McCaslin makes judicious use of alto flute, bass clarinet, marimba and steel pan alongside his signature tenor-alto blend with Binney, and the arrangements are quite adventurous. The music runs the gamut from forcefully swinging free-bop romps ("Break Tune") to pan-global exoticism ("San Lorenzo") to gentle lyricism ("The Way Through") to the kind of spacious kind of freewheeling improv pieces that Lan Xang favored in performance and on its recordings ("What Remains"). Drummer Adam Cruz, clarinetist Douglas Yates, flutist Anders Bostrom and Souza further assist McCaslin in this excellent outing.
From the opening original, "Skyward," McCaslin demonstrates an impressive command of his horn, leaping from honking lows to squealing highs with relative ease while maintaining a swinging pulse. His startling, unaccompanied extrapolation on Dizzy Gillespie's "Woody 'n' You" further demonstrates his eagerness to push the envelope with daring Brecker-esque intervallic leaps on his tenor while still acknowledging the tradition. Likewise, his sparse tenor-bass-drums trio rendition of Sammy Cahn's "I Should Care" is simultaneously unorthodox and reverential.
Souza adds a haunting quality with her ethereal unison lines alongside McCaslin's tenor on the churning Afro-Cuban undercurrent of "San Lorenzo" before chiming in with a robust overdubbed choir. The full ensemble turns in a relaxed, faithful reading of Wayne Shorter's "Fee Fi Fo Fum," which features dissonant harmonies for alto flute and bass clarinet.

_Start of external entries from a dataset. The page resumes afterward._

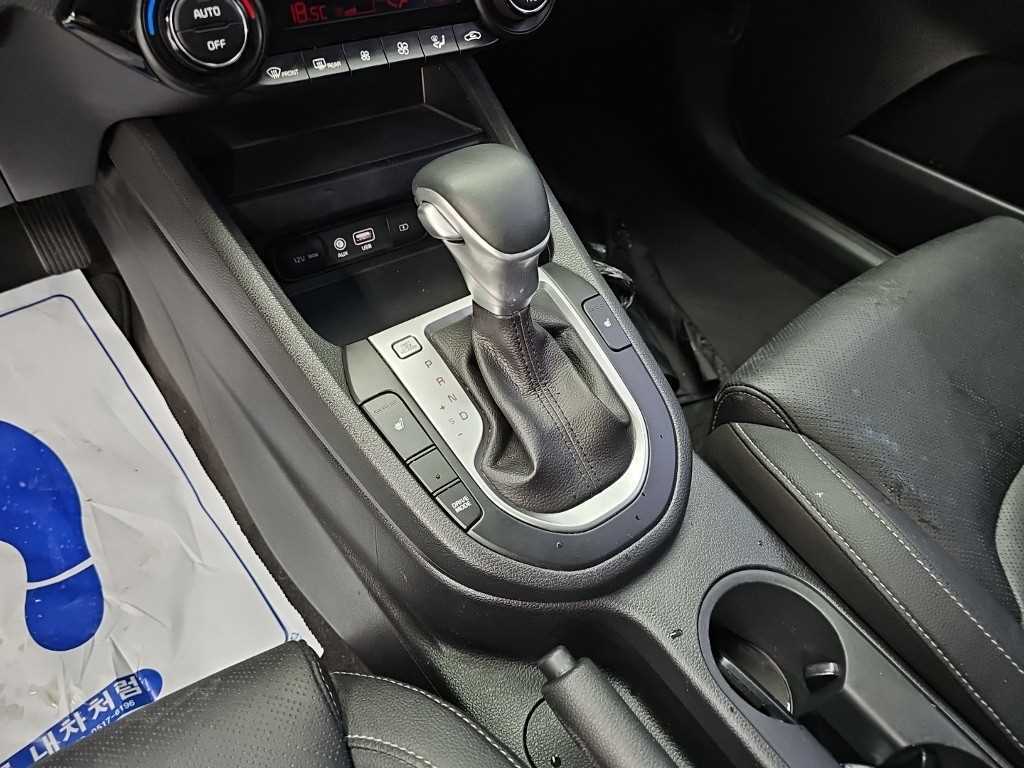 Kia K3 — photo 08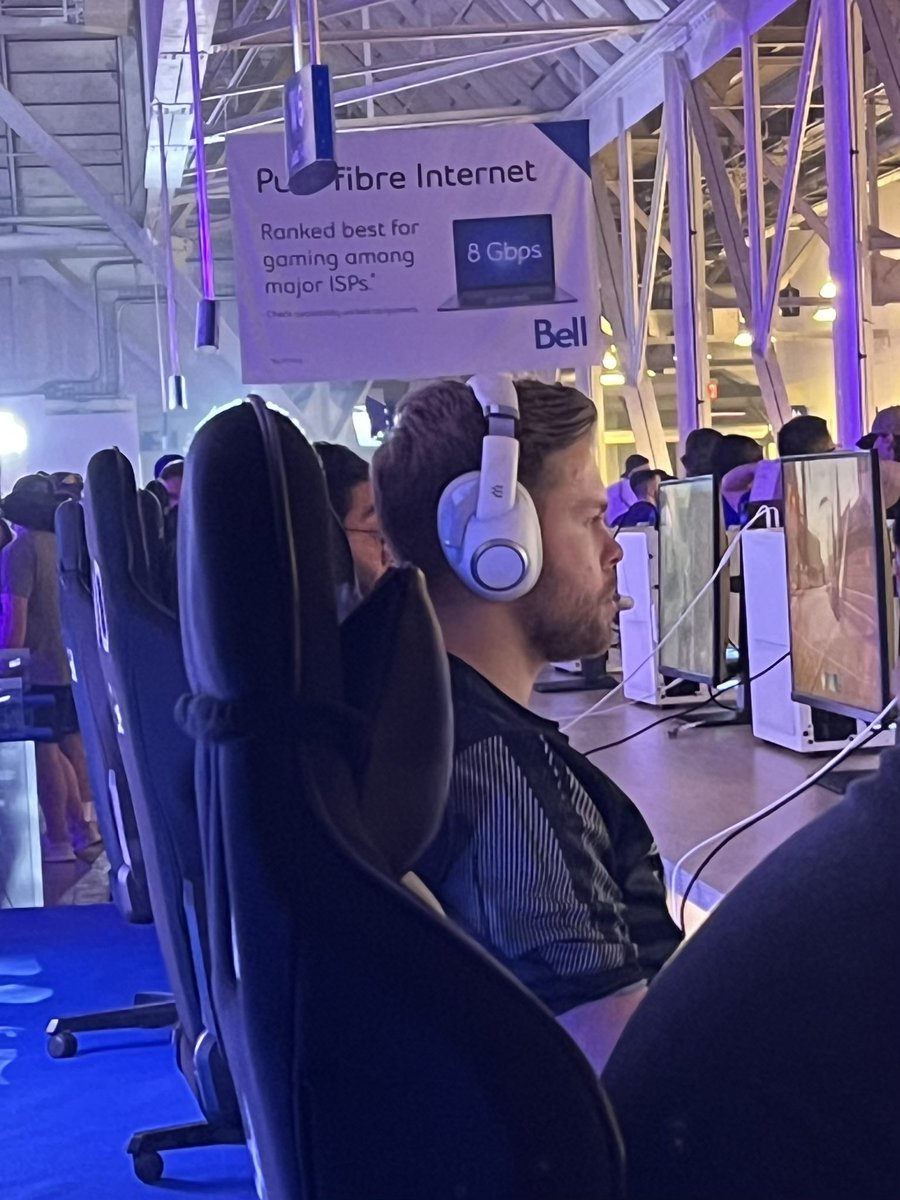 YoungDangleGod's tweet photo. Popped off at CDL Major V on the low🔥 https://t.co/UmASbXzgpR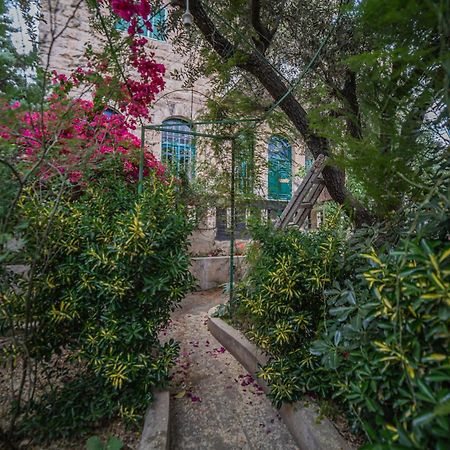 Central House With Beautiful Garden Amman Buitenkant foto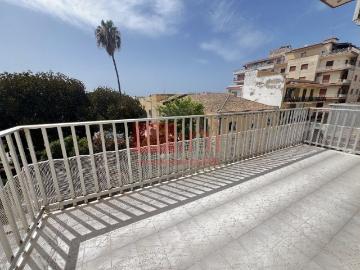 Appartamento in affitto a Pozzallo corso Vittorio Veneto, vista panoramica, ascensore, doppia esposizione TrovaCasa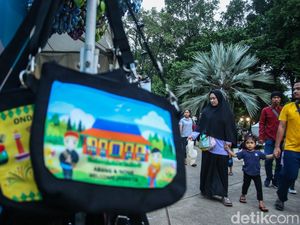 Berburu Produk UMKM di Lapangan Banteng Berburu Produk UMKM di Lapangan Banteng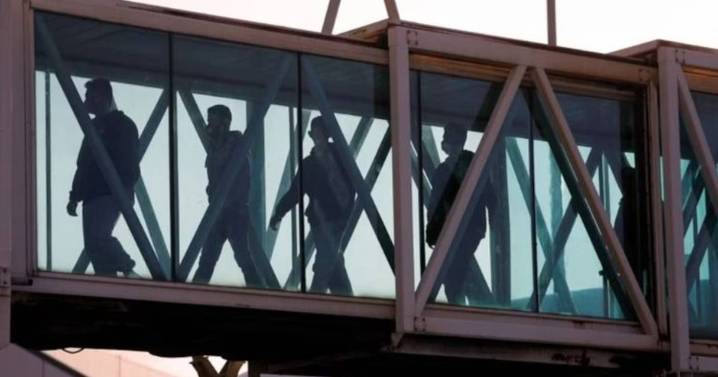 Llega al país el primer vuelo con argentinos deportados de Estados Unidos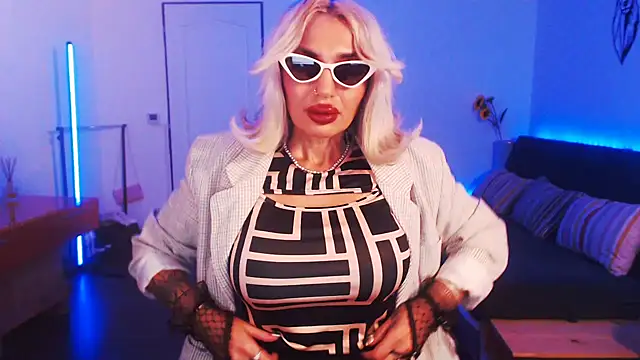 Snapshot of beauty_chl0e chatting on December 7, 8:49 pm beauty chl0e online show from December 7, 8:49 pm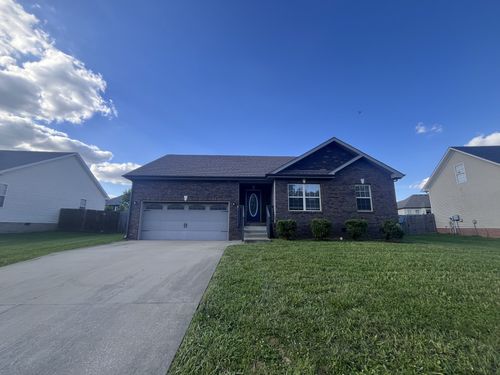 1529 Apache Way, Clarksville, TN, 37042-8179 | Card Image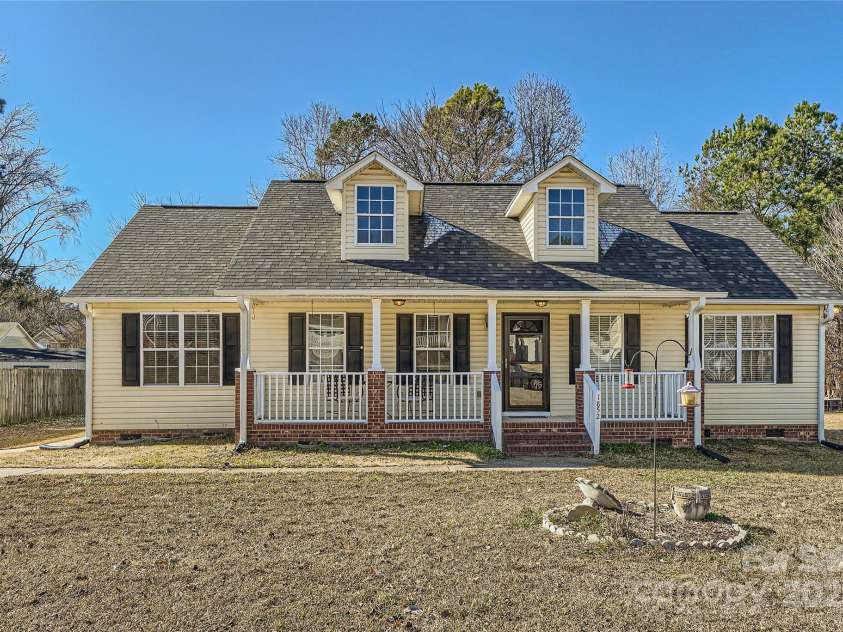 1852 Bon Rea Drive, Rock Hill, SC 29730.  MLS# CAR4237725, YatesRealty ID 3265. Exterior Front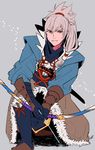  fire_emblem holding holding_weapon japanese_clothes kazuha_(kazuha1003) looking_at_viewer male_focus ponytail red_eyes silver_hair simple_background smile solo sword takumi_(fire_emblem_if) wakizashi weapon 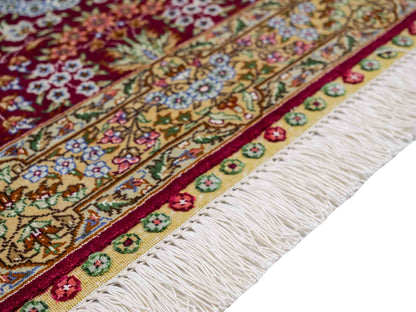 Sehr feiner, handgeknüpfter Khademi Orientteppich mit Hereke Design aus reiner Seide, rot, creme. 93x63 cm. Vertrieb durch Jupiter Intl.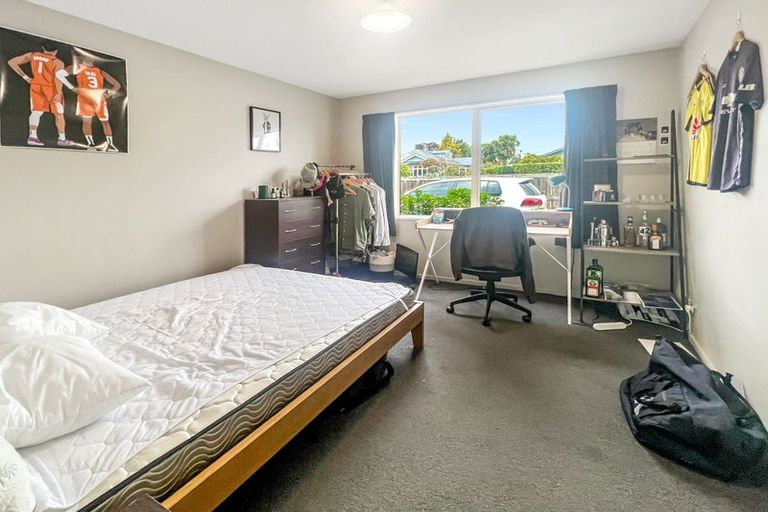 Photo of property in 9 Field Terrace, Upper Riccarton, Christchurch, 8041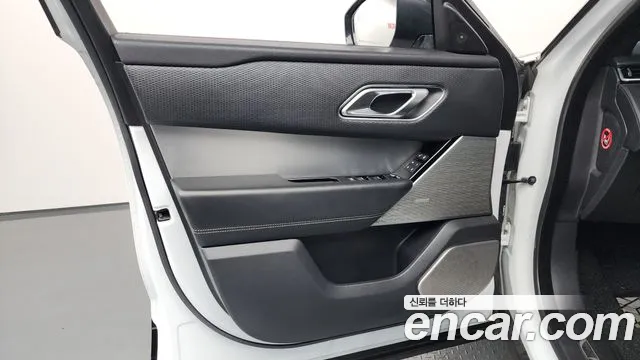 Land Rover Range Rover Velar 2018 thumb 11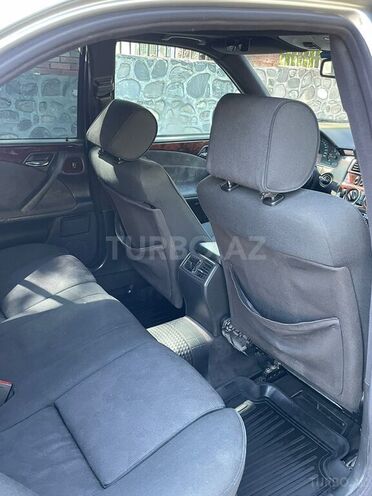 Mercedes E 220 2000, 298,000 km - 2.2 l - Şəki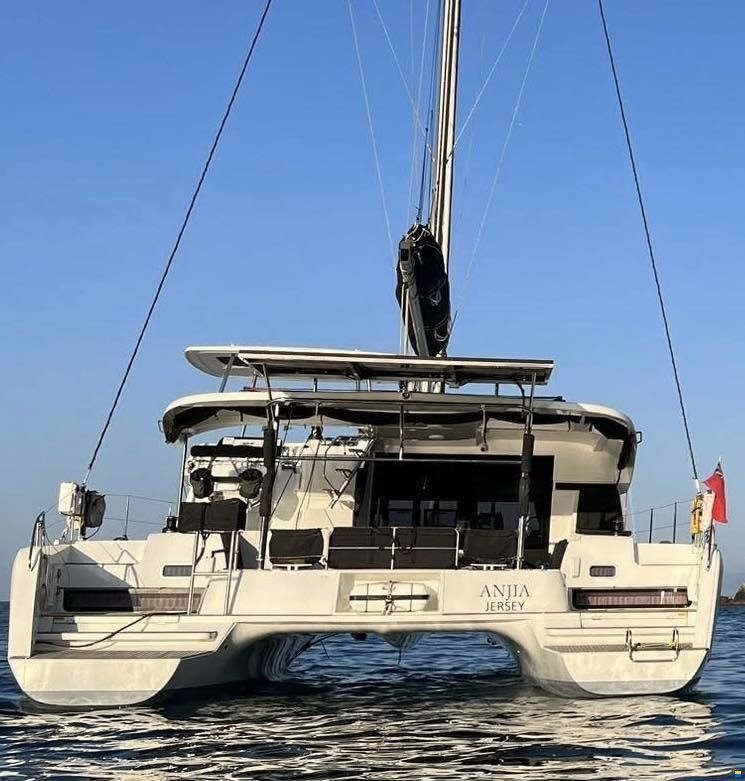 Lagoon 42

And McCaslin lets his experimental tendencies run wild on two provocative cat-and-mouse improv duets with Binney ("Free California" and "Flutter") and on "Break Tune," where he blows freely over some techno loops.
In touching all of these bases, McCaslin has put together his most fully realized project to date. The Way Through represents a complete picture of this talented, up-and-coming saxophonist-arranger-composer, with promises of even grander schemes to come.